The bandit boss practically shoved the missive into my face. “Kerri … that’s your name, yes? You’re the chaos cursed apprentice mage that the Duke of High Glen is looking for … and there’s a reward.”

“I don’t know what you’re talking about my name is …” I paused for a moment as I considered an appropriate pseudonym. My mind quickly rifled through names of childhood acquaintances from my days at the orphanage. “Effie,” I finally blurted, “I’m an adventurer.”

A brief moment of silence filled the camp followed but sudden laughter as Toad and his boss enjoyed a bust of merriment at my expense.

“It’s true,” I insisted over the din their mirth, “but if you’d rather haul me all the way to High Glen and look like fools in front of the Duke … far be it from me to stop you. I can always come back for the treasure later; it’s not going anywhere.”

Their laughter instantly ceased. “What treasure girl?” the boss asked dryly as he finally turned the scruff of my tunic loose, “I’ve been around these parts all my life, if there was a treasure out here, I’d know about it.”

“The treasure hidden in Summer Grove,” I answered. I hated lying, but I need time to figure an escape plan. “My Da’ told me about it … and with his dying breath, he told me where to find it.”

“Summer Grove is a myth,” the boss answered before making the sing to ward off evil, “and your Da’ was a liar.”

I put on my best look of indignation as I pulled the Dragon scale from under my tunic, holding it out in front of me on its leather cord. “My Da’ gave me this, it came from Summer Grove … it came from …”

“A Dragon’s lair,” Toad muttered as he stepped closed to see the scale more closely. “It’s a …”

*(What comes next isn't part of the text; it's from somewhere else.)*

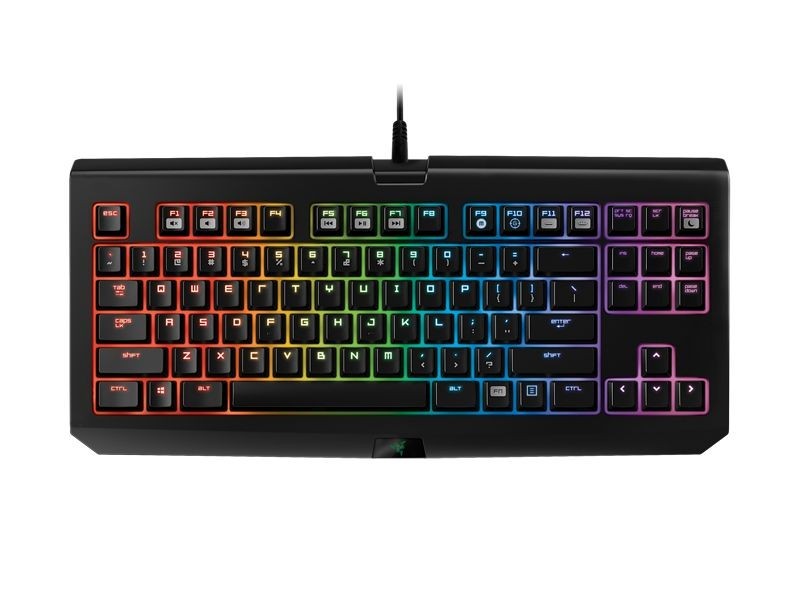 Razer Blackwidow Tournament Edition Chroma Геймърска механична клавиатура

“I know what it is fool,” the boss grumped. When he tried to snatch it from me I quickly pulled it away, tucking it back under my tunic. “So your Da’ stumbled onto a Dragon. You’ll soon join him in the afterlife if you go snooping around a Dragon’s lair. Now if we tell the Duke where to find this Dragon …” a slow smile curled his lips and the lusty gleam of greed danced in his eyes as his words trailed off.

“If you tell the Duke, you’ll end up parting ways with your head,” I hissed darkly, “meanwhile the Duke will end up with an even fatter coin purse that he started with.”

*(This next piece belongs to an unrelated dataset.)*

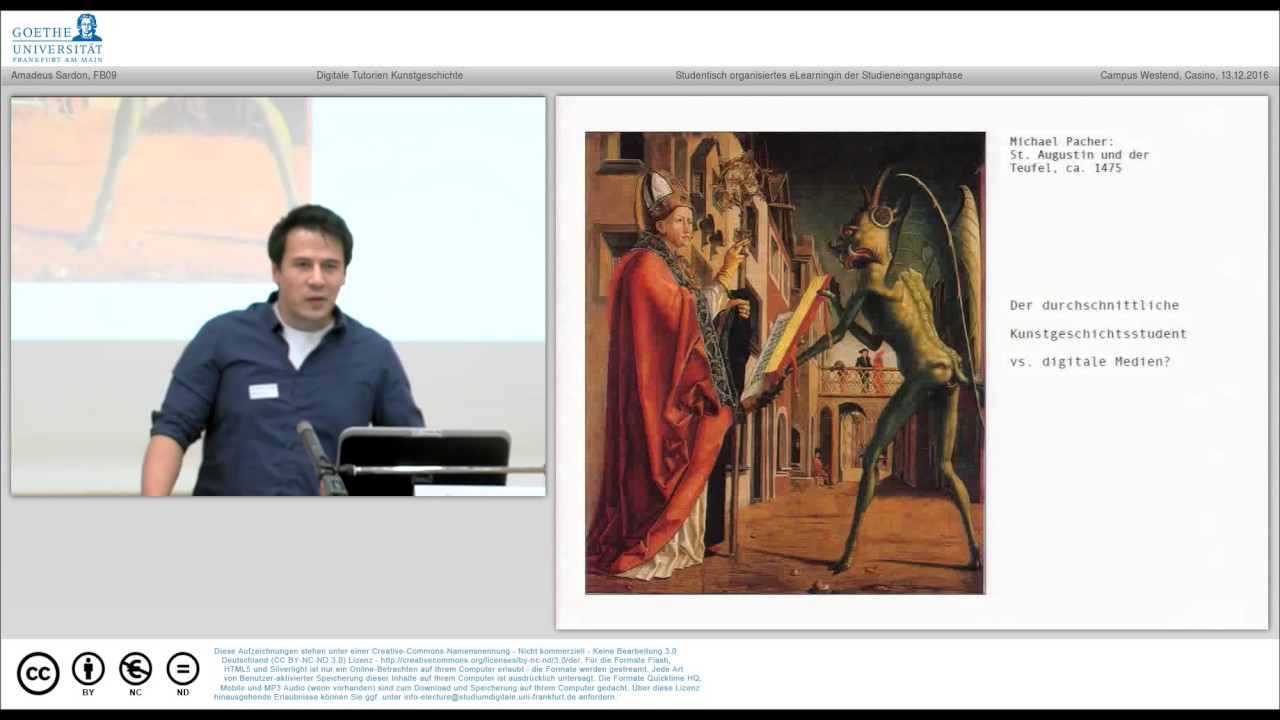 Digitale Tutorien Kunstgeschichte YouTube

Silence engulfed my camp as the two ruffians considered my words. Just what I planned to accomplish by luring them to Summer Grove, I couldn’t yet say … assuming of course, that I could manage to find this mythical glade. If nothing else, perhaps it would prove an effective stall tactic until I could manage to escape.

“All right girl,” The boss grumped, “You’re going to lead us to this treasure at Summer Grove, but remember … you’re our prisoner, not our partner. If what we find is worth our while, then maybe we’ll let you go instead of selling you in the slave market at Blackwash Cove.”